Tips for organising your R code

Posted on January 31, 2023 by tomaztsql — 4 Comments

Keeping your R code organised is not as straightforward as one might think. Just think about the libraries, variables, functions, and many more. All these objects can be defined and later rewritten, some might get obsolete during the process.

This process is proven to be even more crucial when you are part of a larger group of engineers, and scientists, who collaborate with you.

Motivation

The most important step toward code reproducibility is to keep code organised, and atomic, storing it by layers or components and keeping up-to-date documentation. Because R language is a scripting language, organising files into directories and subdirectories is important for later re-usage, and collaboration with different departments in an organisation.

Ideally, the names of files and subdirectories are self-explanatory, so that one can tell at a glance what data files contain, what scripts do, and what came from what.

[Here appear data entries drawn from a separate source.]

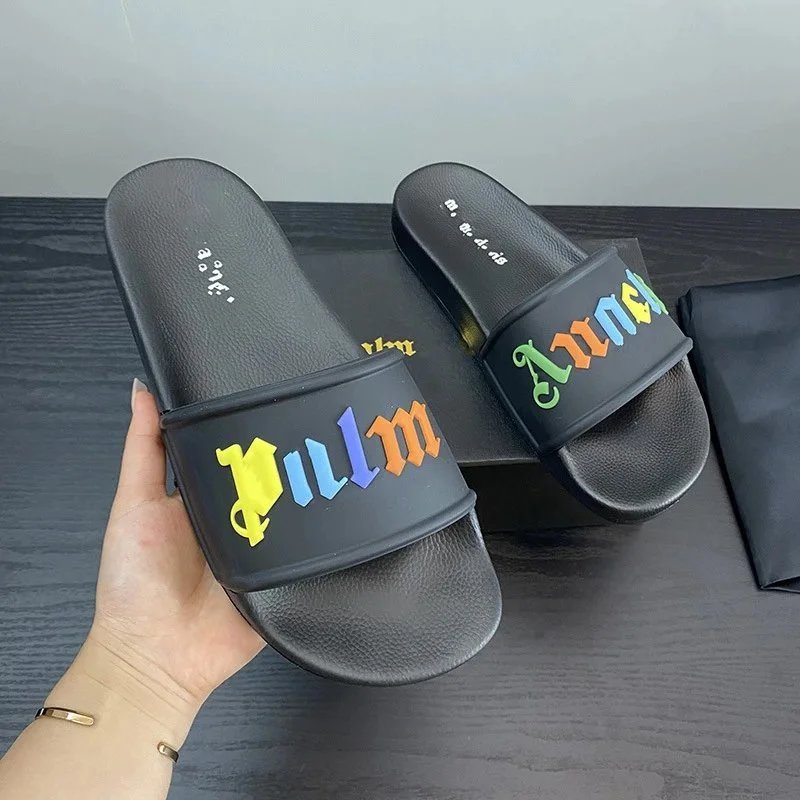 Pastel Letter Print Slippers photo 7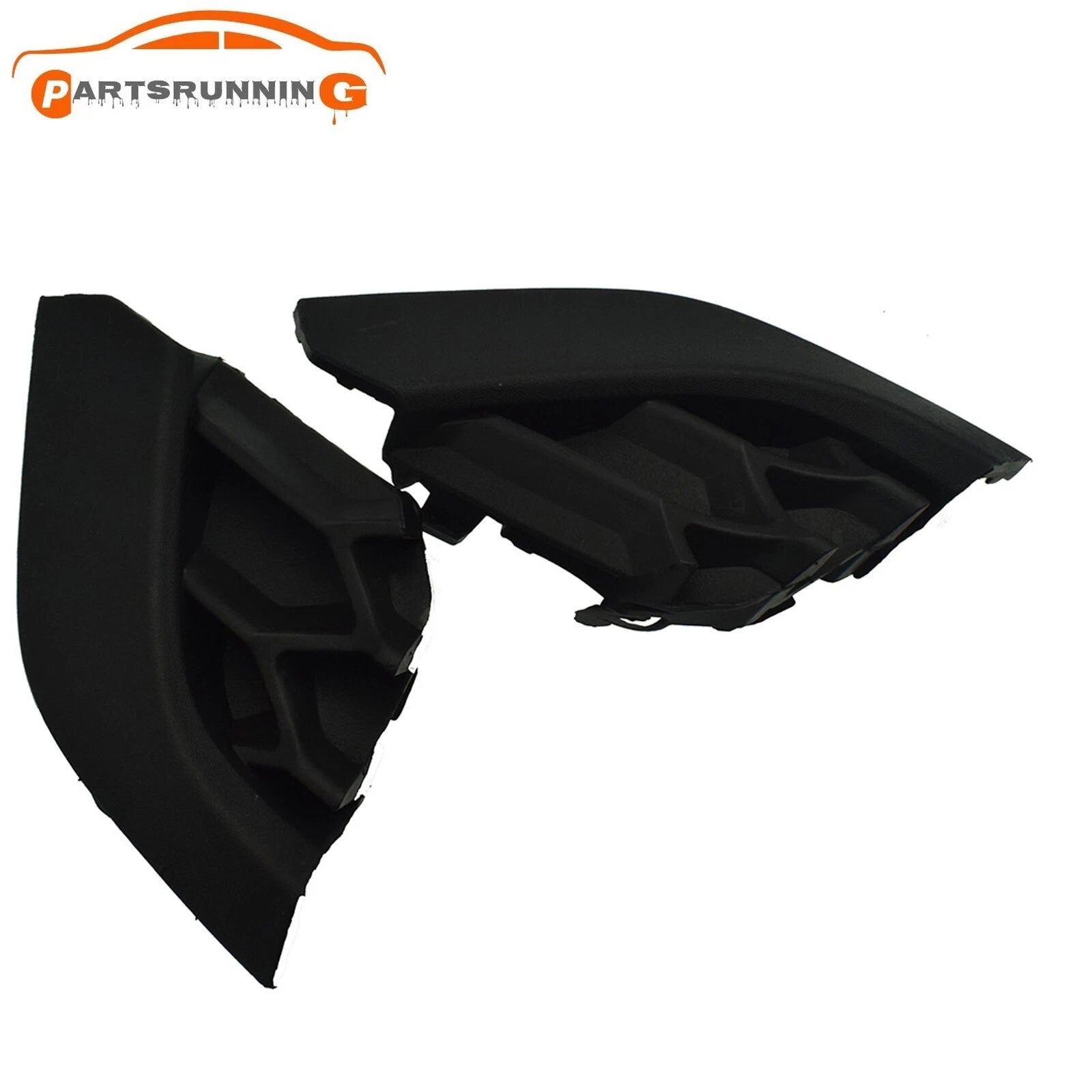 Front Left & Right Side Tow Hook Eye Covers Pair For Toyota RAV4 2016 2017 2018 6B93BC-57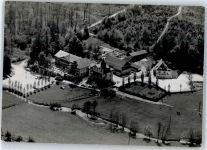61381 W6382 Köppern , Taunus - Hotel Pension zur Lochmühle , Fliegeraufnahme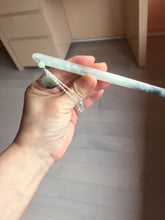 Load image into Gallery viewer, 18.5cm 100% Natural black white ink painting(水墨画) Xiu Jade (Serpentine) Hairpin AW63
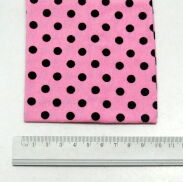 OPASKA ELASTYCZNA SZEROKA RÓŻOWA W KROPKI 10 cm                                                                     (01747415-1) - 3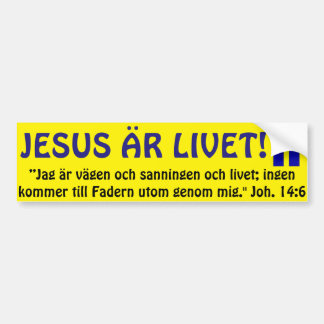 Adesivo Para Carro Bildekal, Sverige, Jesus är Livet.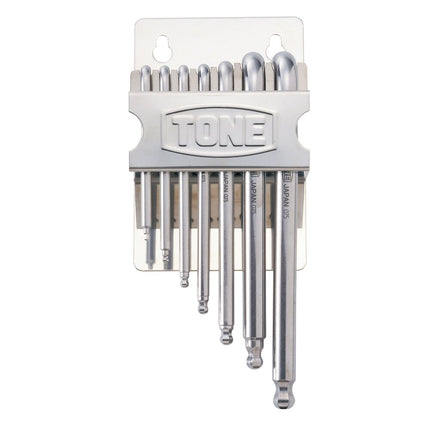 TONE SUS Long Ball-Point L-Wrench Set, 7 pcs SBL700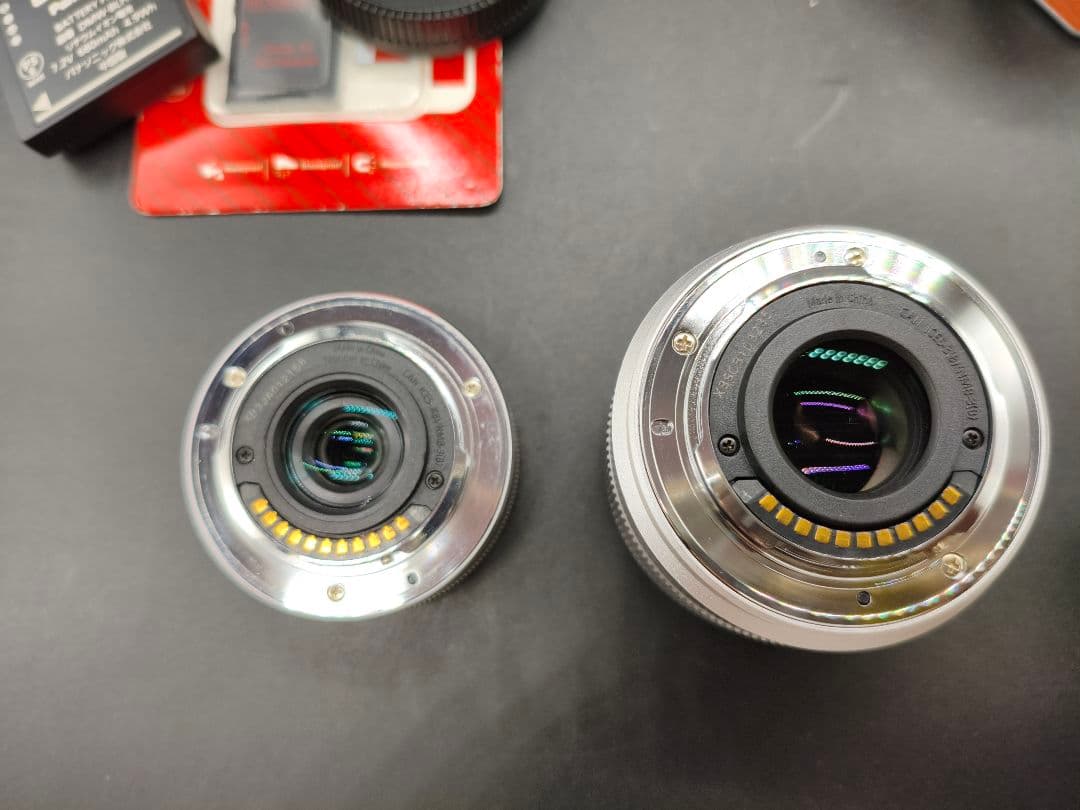 ほぼ未使用 DC-GF10 LUMIX レンズセット オレンジ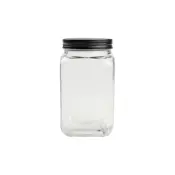 medium square glass jar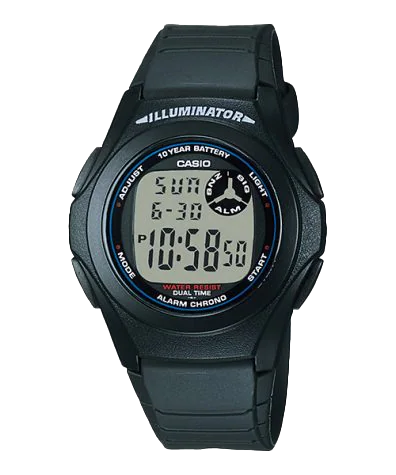 F200W-1A | Black Digital Watch - Casio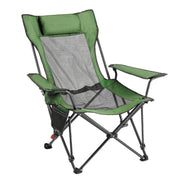 Reclining Camping Chair, 4 Adjustable Positions, Portable Folding Lounger for Adults, Mesh Beach Chair with V952-PTTYXTTYWBXLY6SQI002V0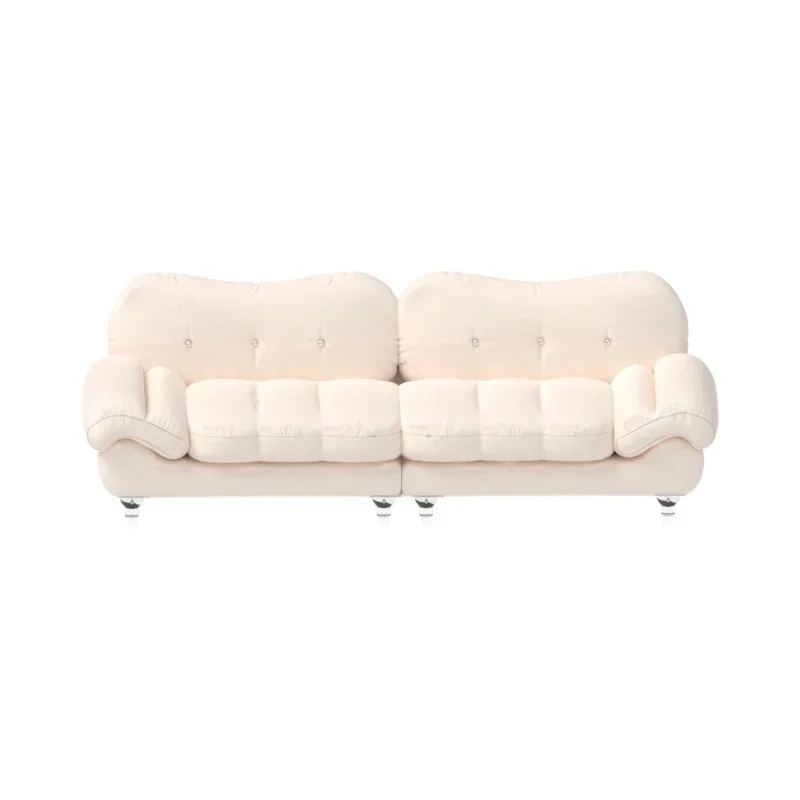 

Cashew nut cloud sofa, double down upholstery cream log small apartment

The following R tips are based on frequent problems, many organisations are facing. All R samples and themes are created to be fictional and can be attached to your organisational environment. Dataset used is the iris dataset, used to show the custom theme and use of functions. All images unless otherwise noted are by the author.

1. Organising R files

You can always call R files, libraries, functions and settings from a different file. This gives a great segue to creating a folder structure, where each developer can clone or access and get all necessary files, themes, and functions that the organisation is pushing.

Structuring R files, functions, data and many more is an essential step toward reproducibility.

Using Projects is a great place to start (also available in Posit — RStudio), but you can always create your own structure, that will help you with code and file organisation.

2. Installing and attaching R libraries

Installing and attaching R libraries is in almost all cases part of the R code. Whenever you are writing R code, there will be a point, that you will be referencing to an external library.

You don’t want to install and attach single or multiple libraries as the sample of the pseudo-code below.

install.package("a")
install.package("b")
library(a)
library(b)

Instead, you can create a string vector with libraries names and install them if they do not exist and attach them with a shorter code:

required_Packages_Install <- c("ggplot2", "caret", "leaflet", "plotly", "magick")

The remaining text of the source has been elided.